CDN Metrics to Monitor
| Metric | Target | Description |
|---|---|---|
| Cache Hit Ratio | >90% | % of requests served from cache |
| Origin Error Rate | <0.1% | 5xx from origin seen by CDN |
| Edge Latency (p99) | <50ms | Time to first byte from edge |
| Bandwidth Saved | >80% | Origin bandwidth offset by CDN |
| Purge Propagation Time | <1s (Fastly) / <60s (CloudFront) | How long purge takes globally |
Interview Checklist
Fundamentals
- Explain the difference between GeoDNS and Anycast routing
- Describe the tiered caching (origin shield) pattern and why it exists
- What happens when a CDN cache misses? Trace the full request flow
- Explain
Cache-Control: s-maxagevsmax-age - What is
stale-while-revalidateand when would you use it?
Invalidation
- Compare URL purge vs surrogate-key (tag) purge — when does each scale better?

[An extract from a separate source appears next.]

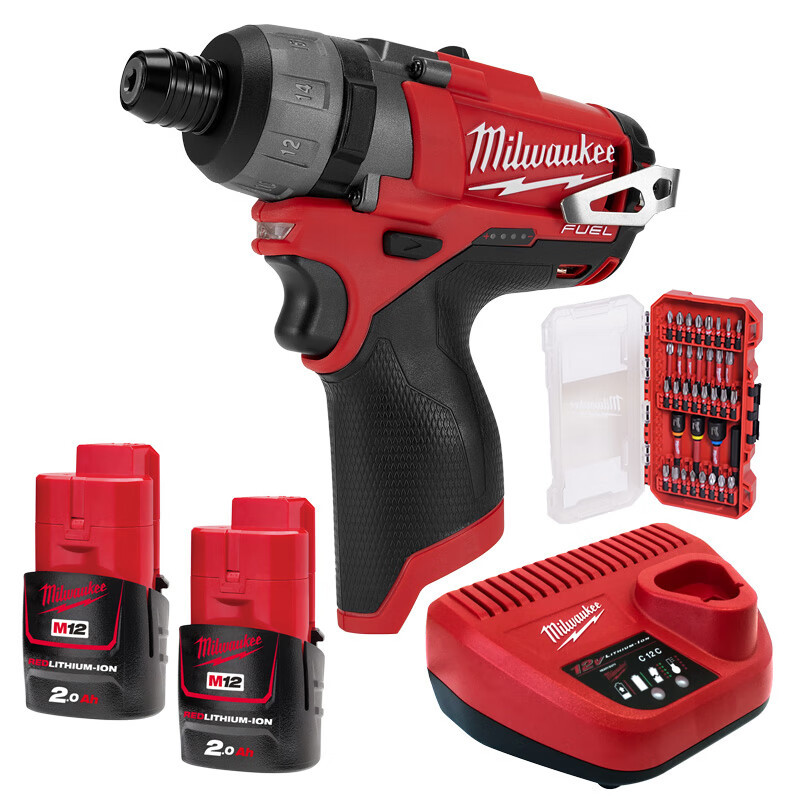 Mivochi Mivochi M12 CD-202CS M12 FUEL sin escobillas de doble velocidad motor de guía recargable (dos eléctricos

- Why is cache-busting via content-hashed URLs often better than purging?
- What is the problem with purging dynamic API responses at scale?
Protocol
- How does HTTP/2 multiplexing help? What is its remaining limitation?
- How does QUIC solve TCP head-of-line blocking?
- What happens during TLS 1.3 0-RTT and what are the security tradeoffs?
Architecture
- When would you NOT use a CDN? Give 3 concrete scenarios
- How does TLS termination at the CDN edge affect your security model?
- Design a caching strategy for a news site (mix of static assets, article pages, breaking news API)
- How would you serve 1 billion video streams globally? Walk through the CDN architecture
Senior-Level
- How does BGP Anycast enable sub-second failover for CDN PoPs?
- Design a CDN purge system that guarantees all 300+ PoPs are updated within 500 ms
- What are the compliance/regulatory risks of routing PII through a third-party CDN?